ABOUT THIS TASK
In the records below, reproduce exactly the lines from the one containing "WOSAWE Hombres Ropa" through the one containing "TRAFZA Women Vintage", both included, and omit the pictures.

DATA SHOWN
====

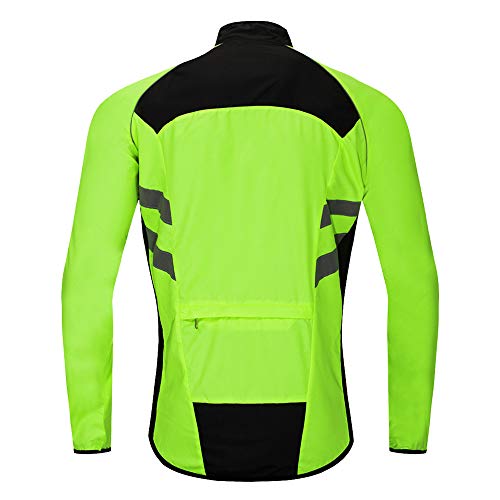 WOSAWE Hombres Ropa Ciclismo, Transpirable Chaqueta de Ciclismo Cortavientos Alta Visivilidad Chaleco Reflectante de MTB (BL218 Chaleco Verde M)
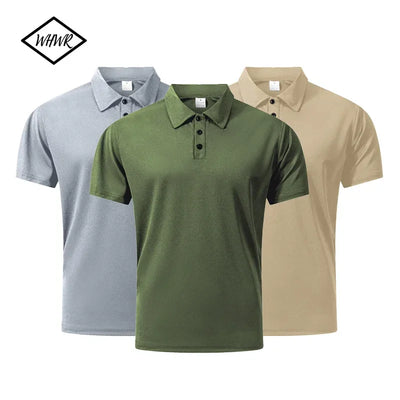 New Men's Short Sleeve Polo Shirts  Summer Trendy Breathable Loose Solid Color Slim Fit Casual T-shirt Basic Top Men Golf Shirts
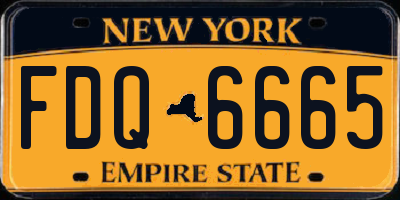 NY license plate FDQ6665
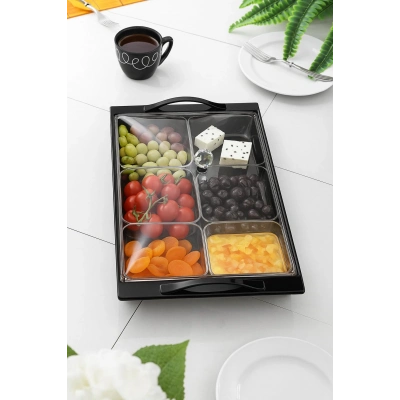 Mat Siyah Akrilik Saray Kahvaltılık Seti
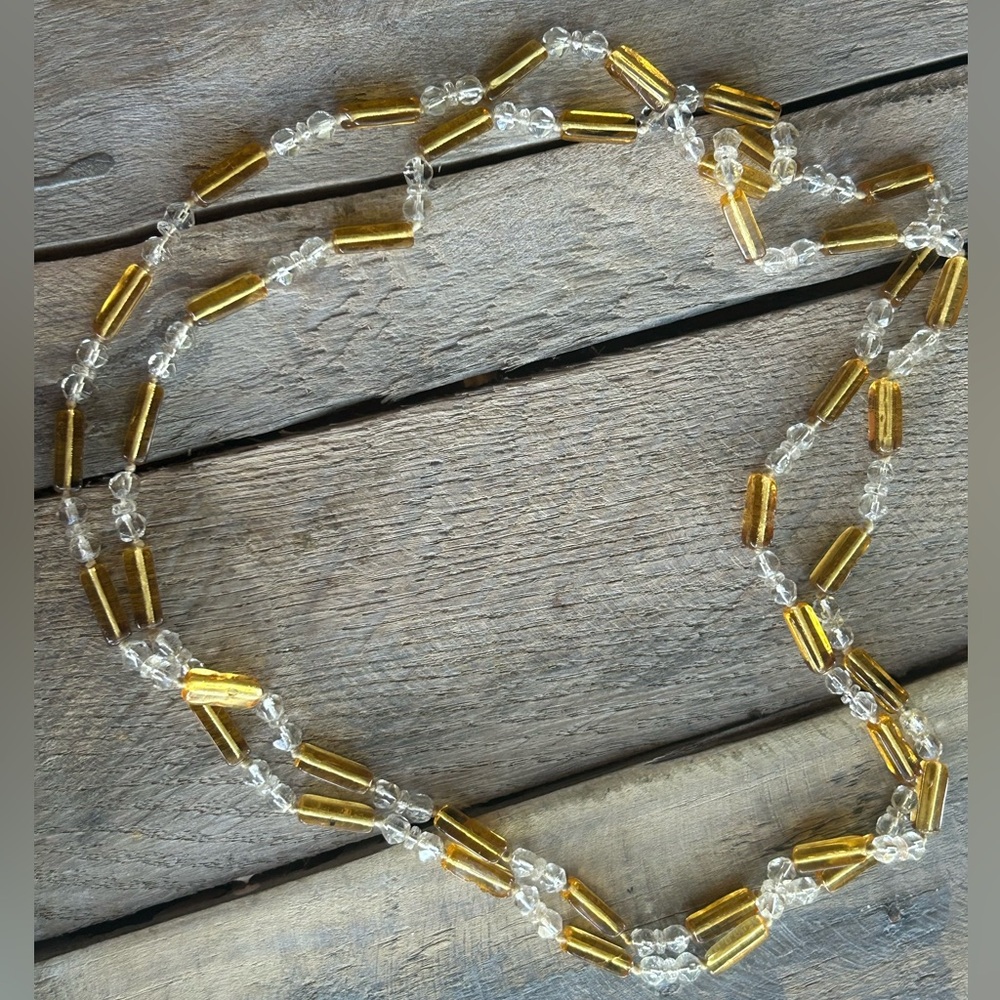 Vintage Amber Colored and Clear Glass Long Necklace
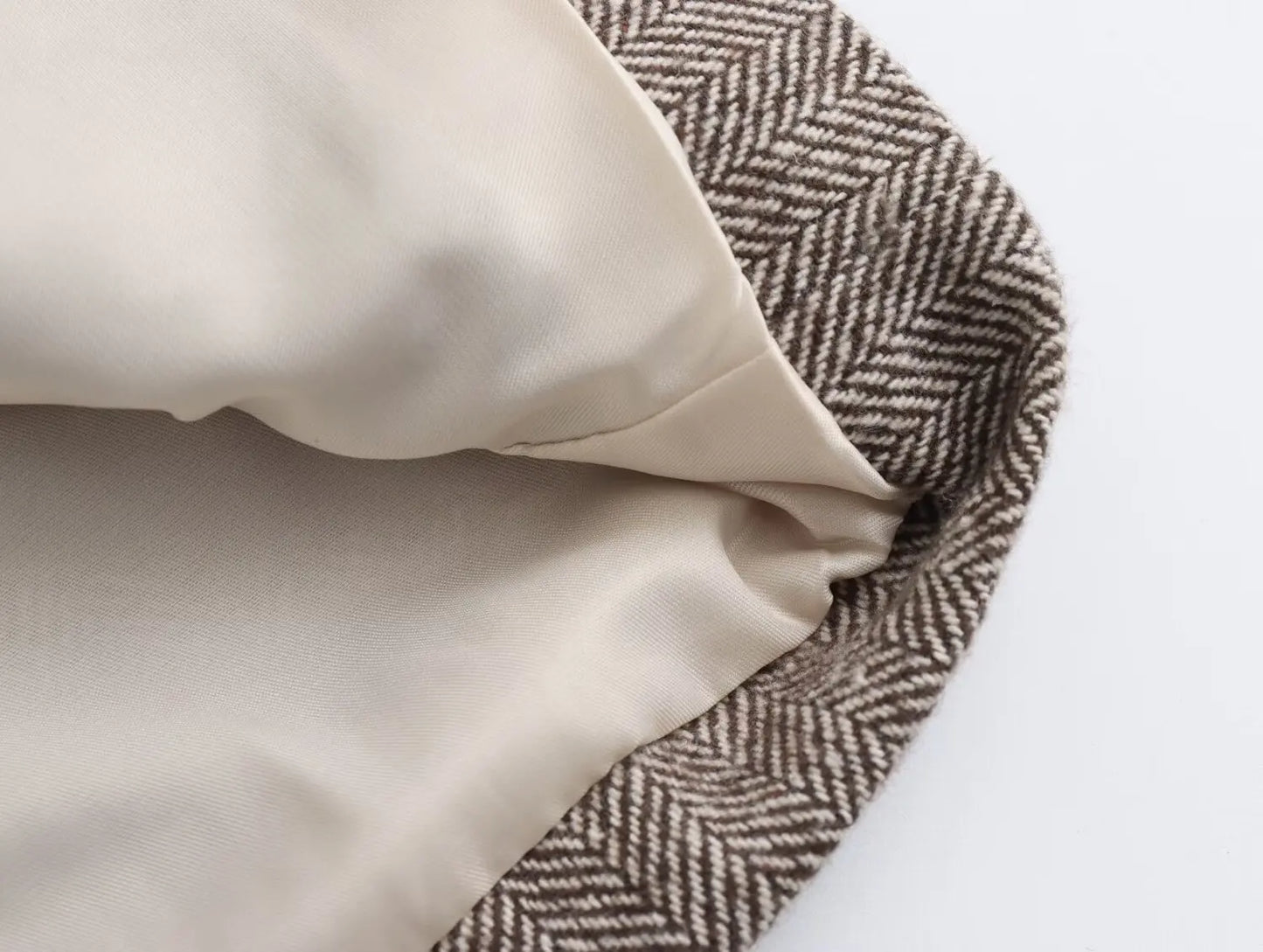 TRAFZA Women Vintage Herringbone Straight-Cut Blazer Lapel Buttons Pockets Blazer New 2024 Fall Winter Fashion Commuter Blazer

====

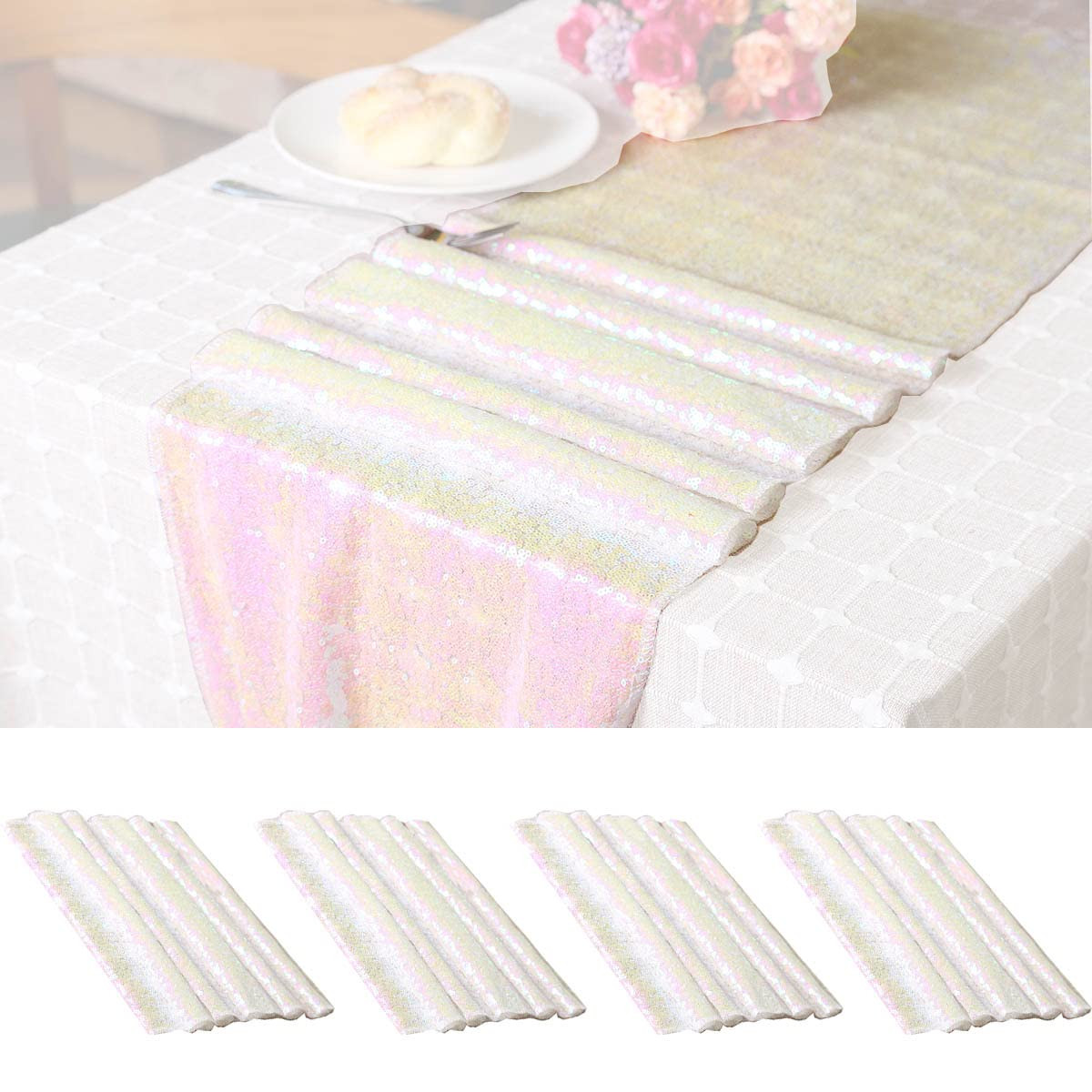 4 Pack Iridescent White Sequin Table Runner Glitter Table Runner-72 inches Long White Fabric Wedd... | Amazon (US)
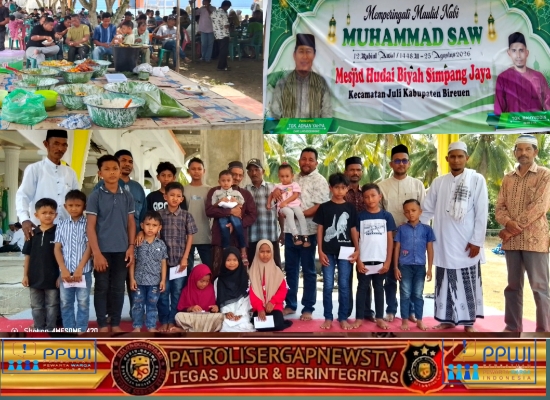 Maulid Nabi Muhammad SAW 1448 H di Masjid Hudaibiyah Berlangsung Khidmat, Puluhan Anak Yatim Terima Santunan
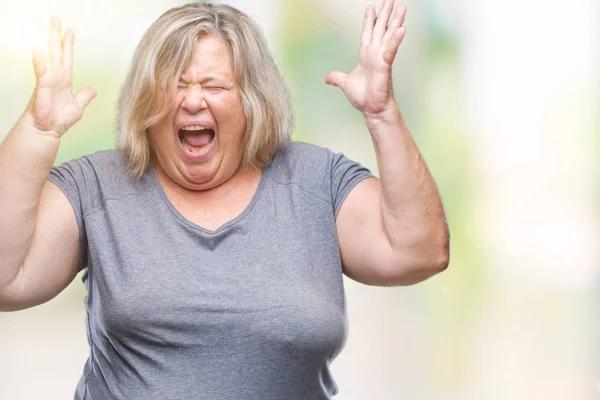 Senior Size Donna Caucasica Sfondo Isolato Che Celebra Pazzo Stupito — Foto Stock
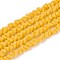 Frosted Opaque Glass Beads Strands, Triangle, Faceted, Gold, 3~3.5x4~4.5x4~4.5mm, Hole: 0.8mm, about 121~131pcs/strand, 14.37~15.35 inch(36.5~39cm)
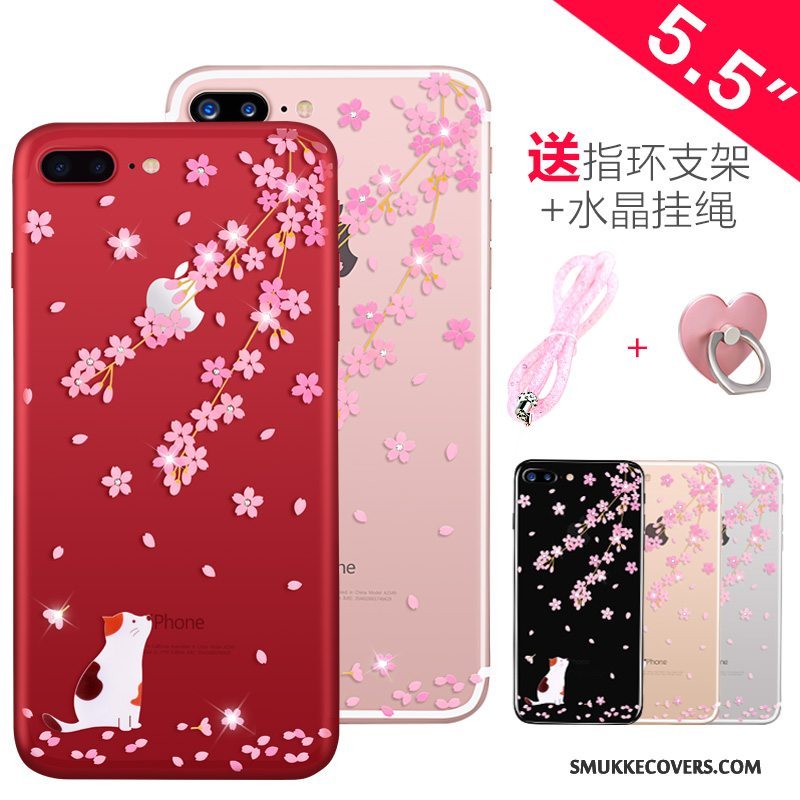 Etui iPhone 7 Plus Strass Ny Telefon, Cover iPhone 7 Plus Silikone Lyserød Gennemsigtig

====

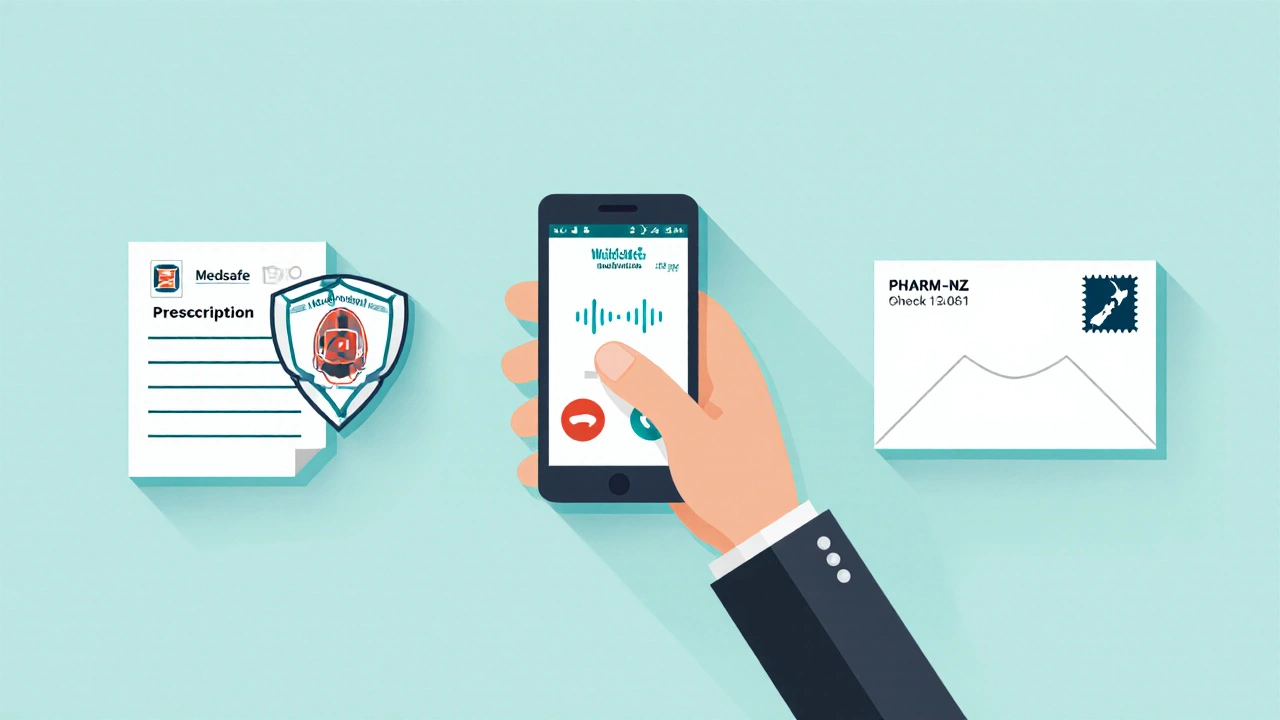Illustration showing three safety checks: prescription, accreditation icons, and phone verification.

====

RESPONSE BELOW
 WOSAWE Hombres Ropa Ciclismo, Transpirable Chaqueta de Ciclismo Cortavientos Alta Visivilidad Chaleco Reflectante de MTB (BL218 Chaleco Verde M)
 New Men's Short Sleeve Polo Shirts  Summer Trendy Breathable Loose Solid Color Slim Fit Casual T-shirt Basic Top Men Golf Shirts
 NY license plate FDQ6665
 Mat Siyah Akrilik Saray Kahvaltılık Seti
 Vintage Amber Colored and Clear Glass Long Necklace
 TRAFZA Women Vintage Herringbone Straight-Cut Blazer Lapel Buttons Pockets Blazer New 2024 Fall Winter Fashion Commuter Blazer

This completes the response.